- SOURCE DATA:
Segment Open

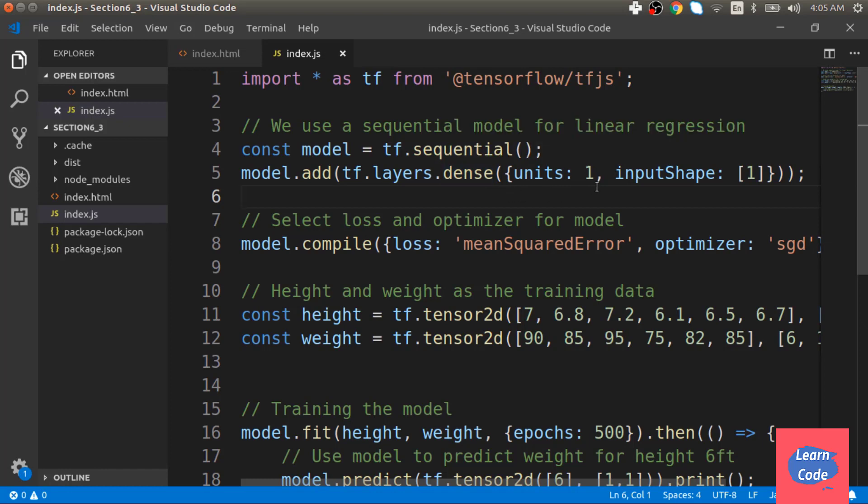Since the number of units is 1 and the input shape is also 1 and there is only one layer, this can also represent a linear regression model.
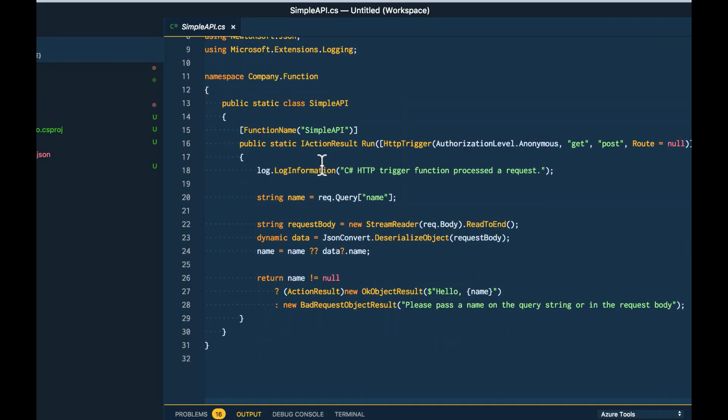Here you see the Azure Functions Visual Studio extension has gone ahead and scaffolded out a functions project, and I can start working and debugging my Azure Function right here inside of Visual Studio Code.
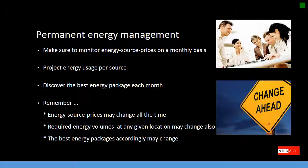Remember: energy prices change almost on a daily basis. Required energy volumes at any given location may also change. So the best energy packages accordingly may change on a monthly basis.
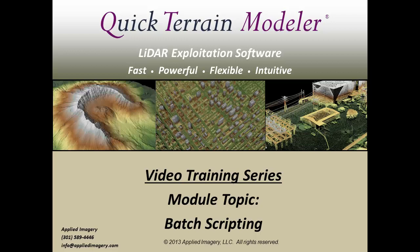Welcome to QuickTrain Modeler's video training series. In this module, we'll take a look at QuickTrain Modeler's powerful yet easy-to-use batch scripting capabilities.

Segment Closed
Segment Open

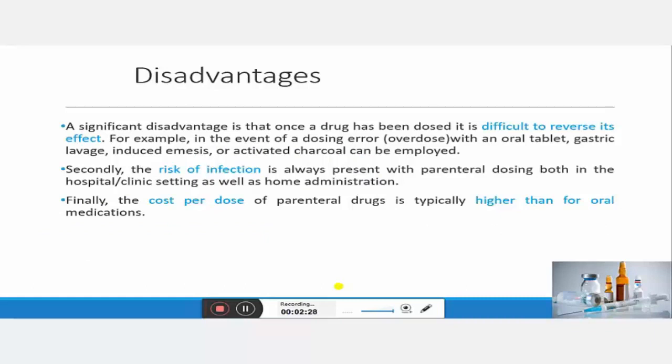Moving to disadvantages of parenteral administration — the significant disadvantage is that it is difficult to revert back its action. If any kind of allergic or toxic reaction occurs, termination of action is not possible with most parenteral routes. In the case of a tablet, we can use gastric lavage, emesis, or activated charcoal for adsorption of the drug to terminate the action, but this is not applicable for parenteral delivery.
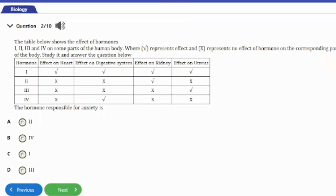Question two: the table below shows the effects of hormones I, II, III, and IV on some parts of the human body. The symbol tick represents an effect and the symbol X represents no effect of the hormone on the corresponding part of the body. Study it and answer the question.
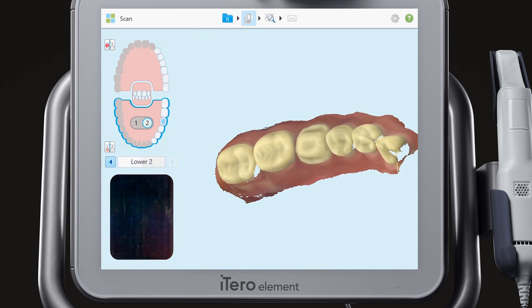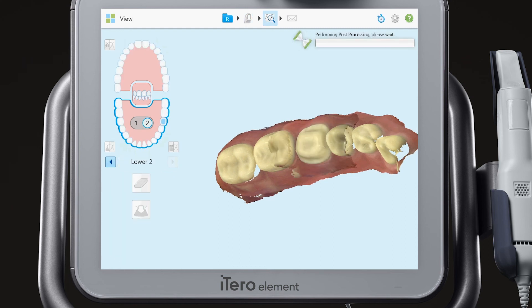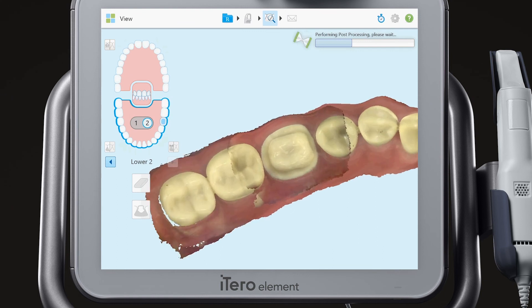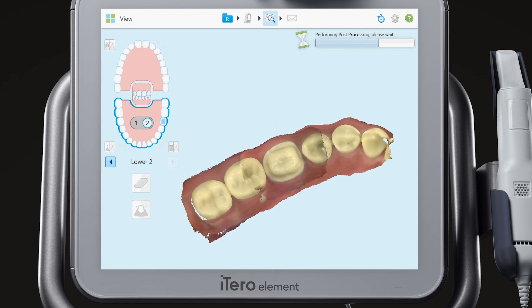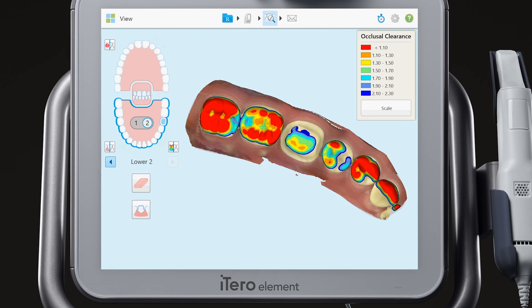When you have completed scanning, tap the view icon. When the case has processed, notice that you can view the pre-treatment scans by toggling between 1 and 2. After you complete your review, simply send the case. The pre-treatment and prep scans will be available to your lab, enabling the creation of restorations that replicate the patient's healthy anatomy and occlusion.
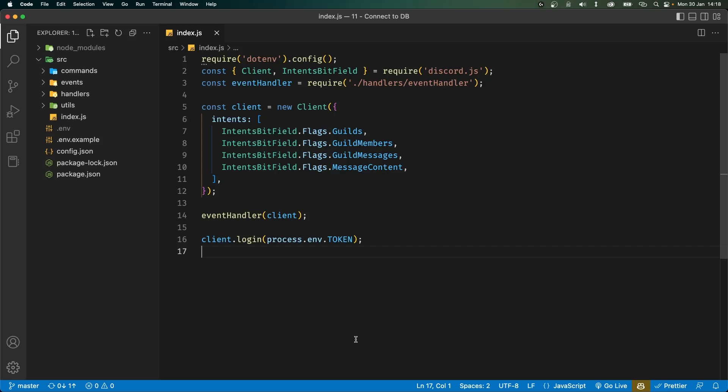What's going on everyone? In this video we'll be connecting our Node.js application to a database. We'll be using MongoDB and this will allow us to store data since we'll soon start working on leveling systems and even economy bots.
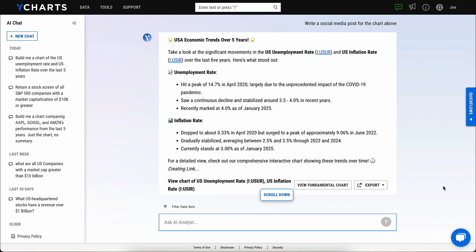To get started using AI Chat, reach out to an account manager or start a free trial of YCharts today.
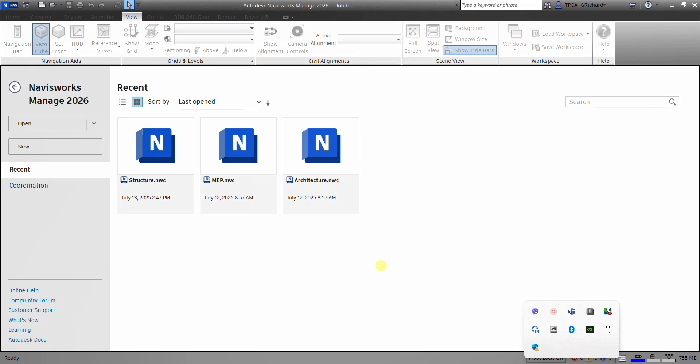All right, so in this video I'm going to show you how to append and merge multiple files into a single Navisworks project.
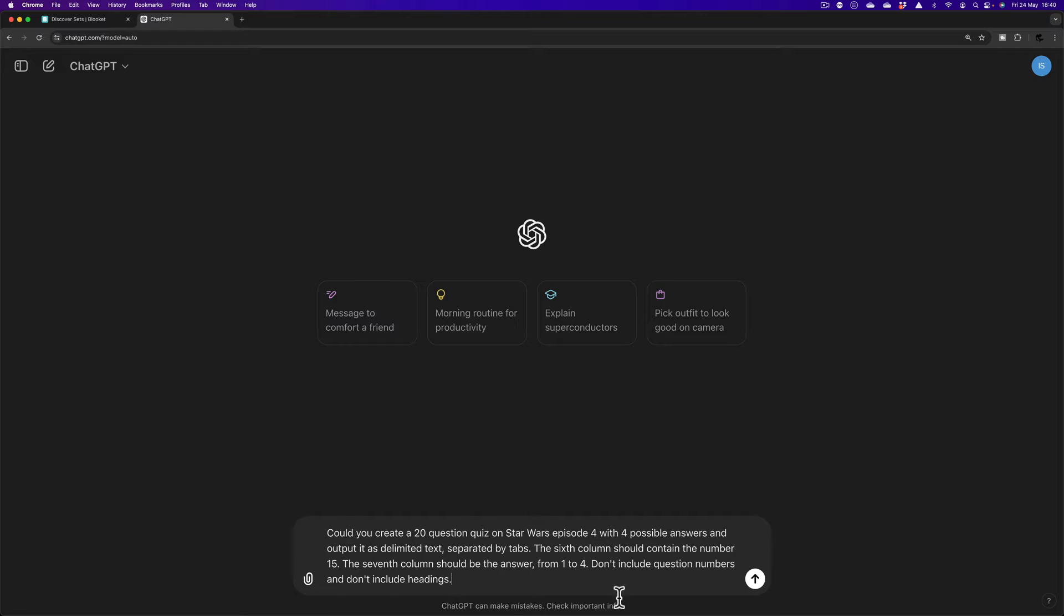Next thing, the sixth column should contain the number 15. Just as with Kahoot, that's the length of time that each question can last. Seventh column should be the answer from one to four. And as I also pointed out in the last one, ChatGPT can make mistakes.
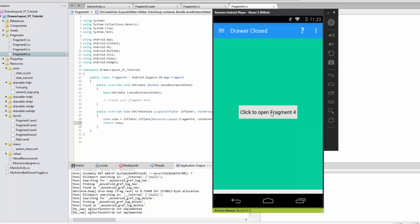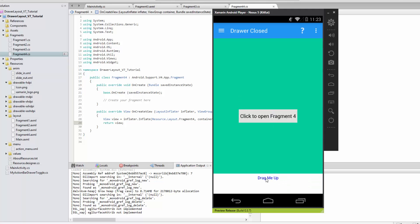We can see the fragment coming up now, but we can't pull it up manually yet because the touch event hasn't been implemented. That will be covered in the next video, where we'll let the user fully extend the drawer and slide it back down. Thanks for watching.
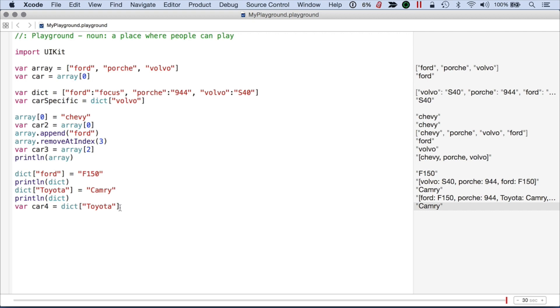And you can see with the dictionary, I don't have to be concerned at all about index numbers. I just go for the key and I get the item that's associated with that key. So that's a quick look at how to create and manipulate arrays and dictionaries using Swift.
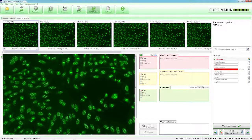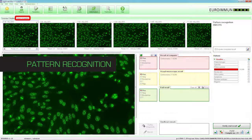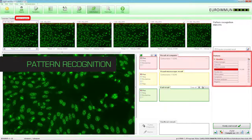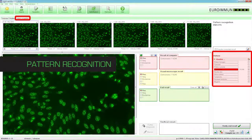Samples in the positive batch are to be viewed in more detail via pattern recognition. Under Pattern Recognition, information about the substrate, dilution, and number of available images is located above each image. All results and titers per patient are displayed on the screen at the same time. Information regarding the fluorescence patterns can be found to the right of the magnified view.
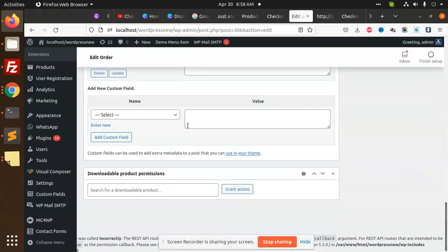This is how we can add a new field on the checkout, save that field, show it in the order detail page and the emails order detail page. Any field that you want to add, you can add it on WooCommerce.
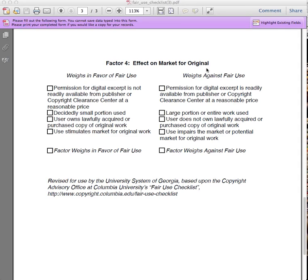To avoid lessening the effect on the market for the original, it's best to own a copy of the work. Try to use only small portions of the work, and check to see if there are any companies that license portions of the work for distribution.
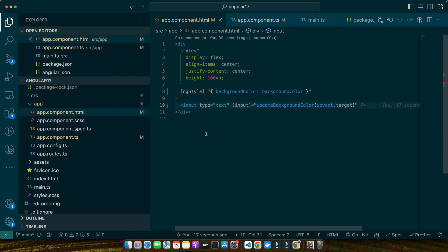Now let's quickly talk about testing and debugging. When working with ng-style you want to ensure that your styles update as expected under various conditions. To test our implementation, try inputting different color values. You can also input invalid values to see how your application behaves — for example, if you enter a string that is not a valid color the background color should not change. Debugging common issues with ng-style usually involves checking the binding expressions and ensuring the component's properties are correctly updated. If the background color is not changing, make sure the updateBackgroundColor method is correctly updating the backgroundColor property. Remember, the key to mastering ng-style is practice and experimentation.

Segment Closed
Segment Open

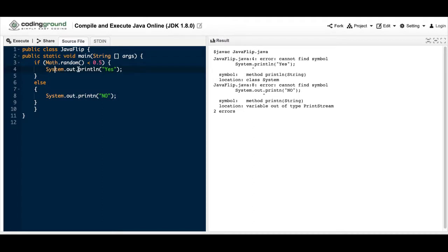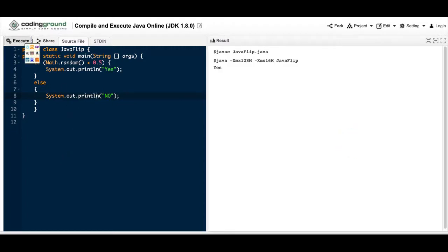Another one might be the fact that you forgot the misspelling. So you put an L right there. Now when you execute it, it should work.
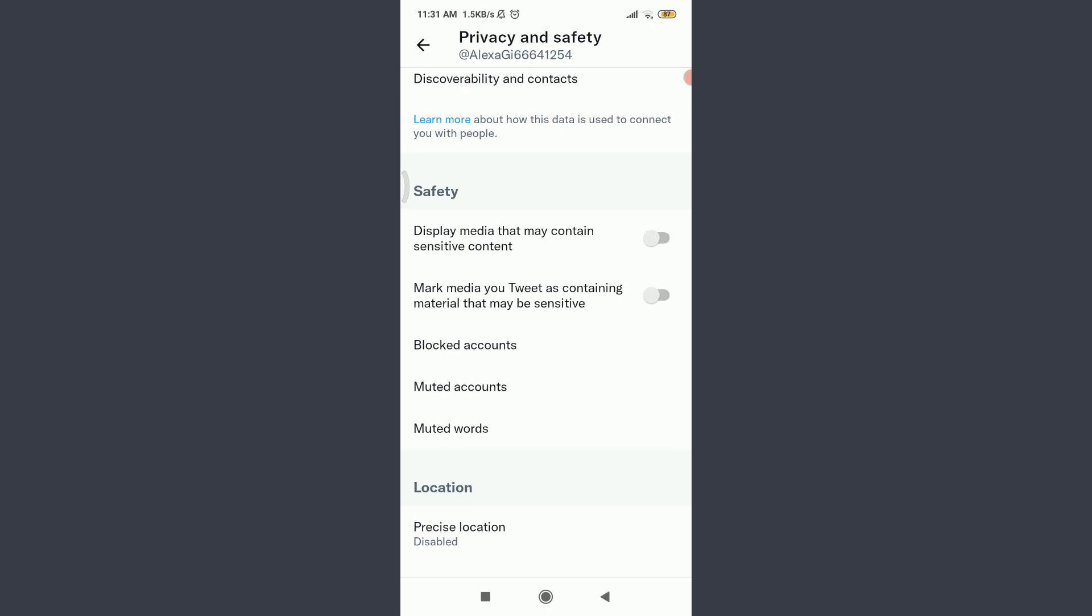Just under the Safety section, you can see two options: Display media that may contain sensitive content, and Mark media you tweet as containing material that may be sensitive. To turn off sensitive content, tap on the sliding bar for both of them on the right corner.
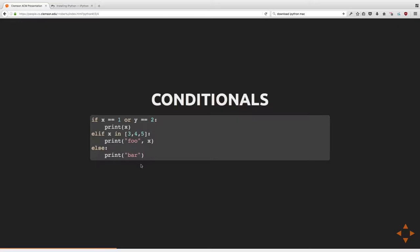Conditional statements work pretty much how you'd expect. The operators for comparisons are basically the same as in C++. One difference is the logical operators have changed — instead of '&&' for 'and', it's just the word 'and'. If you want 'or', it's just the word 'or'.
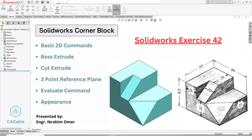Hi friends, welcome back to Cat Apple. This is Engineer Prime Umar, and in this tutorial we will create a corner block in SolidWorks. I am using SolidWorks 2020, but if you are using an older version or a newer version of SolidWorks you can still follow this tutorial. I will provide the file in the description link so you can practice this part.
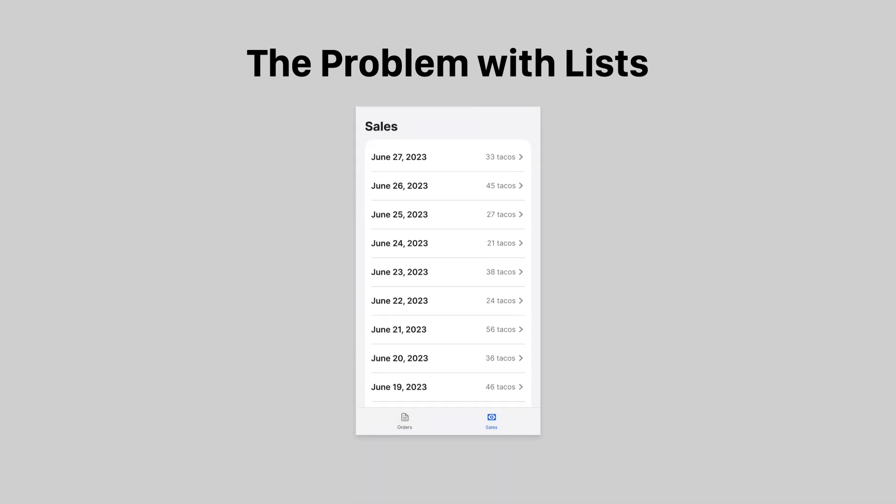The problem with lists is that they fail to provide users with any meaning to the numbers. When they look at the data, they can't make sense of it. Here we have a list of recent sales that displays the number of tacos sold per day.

Segment Closed

- PROMPT: Starting with the line that has "We can see the" and ending with the line that has "Now let's quickly", repeat the lines above exactly, omitting every picture.

- OUTPUT FOR THIS TASK:
We can see the fragment coming up now, but we can't pull it up manually yet because the touch event hasn't been implemented. That will be covered in the next video, where we'll let the user fully extend the drawer and slide it back down. Thanks for watching.
And you can see with the dictionary, I don't have to be concerned at all about index numbers. I just go for the key and I get the item that's associated with that key. So that's a quick look at how to create and manipulate arrays and dictionaries using Swift.
Samples in the positive batch are to be viewed in more detail via pattern recognition. Under Pattern Recognition, information about the substrate, dilution, and number of available images is located above each image. All results and titers per patient are displayed on the screen at the same time. Information regarding the fluorescence patterns can be found to the right of the magnified view.
This is how we can add a new field on the checkout, save that field, show it in the order detail page and the emails order detail page. Any field that you want to add, you can add it on WooCommerce.
To avoid lessening the effect on the market for the original, it's best to own a copy of the work. Try to use only small portions of the work, and check to see if there are any companies that license portions of the work for distribution.
Now let's quickly talk about testing and debugging. When working with ng-style you want to ensure that your styles update as expected under various conditions. To test our implementation, try inputting different color values. You can also input invalid values to see how your application behaves — for example, if you enter a string that is not a valid color the background color should not change. Debugging common issues with ng-style usually involves checking the binding expressions and ensuring the component's properties are correctly updated. If the background color is not changing, make sure the updateBackgroundColor method is correctly updating the backgroundColor property. Remember, the key to mastering ng-style is practice and experimentation.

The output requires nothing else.